EXERCISE OBJECTIVE —
Copy out every line of the data exactly; do not include the images.

INFORMATION SUPPLIED —
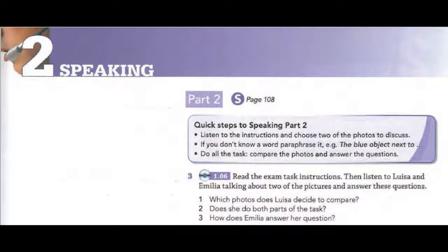Luisa, it's your turn first. Here are your pictures. They show people with presents in different situations. Compare two of the pictures and say what significance the presents might have for the people and how they might be feeling. Okay.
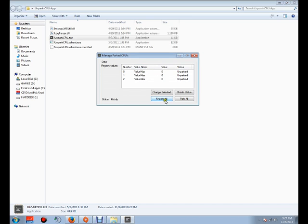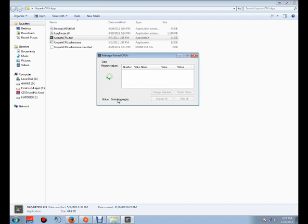So what you need to do is click Unpack All and then it will be unpacking your processor which will help you boost your FPS in games.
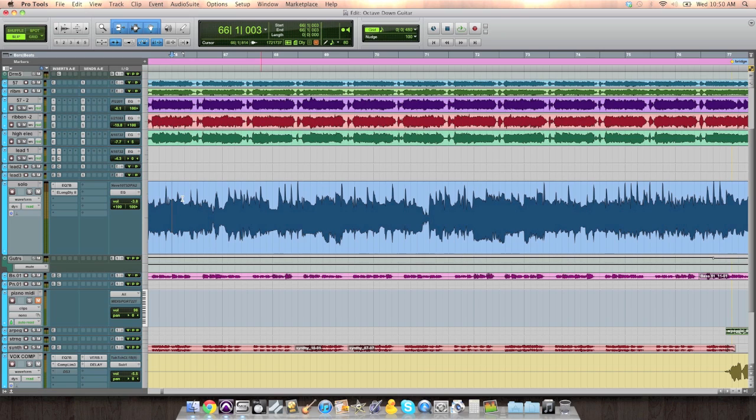This is so much a part of mixing because you're trying to make every measure, every section of the song interesting, and this is one way to do it if you don't have any other material to work with. Here is a lead guitar solo I have in this rockin' song.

RESPONSE —
Luisa, it's your turn first. Here are your pictures. They show people with presents in different situations. Compare two of the pictures and say what significance the presents might have for the people and how they might be feeling. Okay.
So what you need to do is click Unpack All and then it will be unpacking your processor which will help you boost your FPS in games.
This is so much a part of mixing because you're trying to make every measure, every section of the song interesting, and this is one way to do it if you don't have any other material to work with. Here is a lead guitar solo I have in this rockin' song.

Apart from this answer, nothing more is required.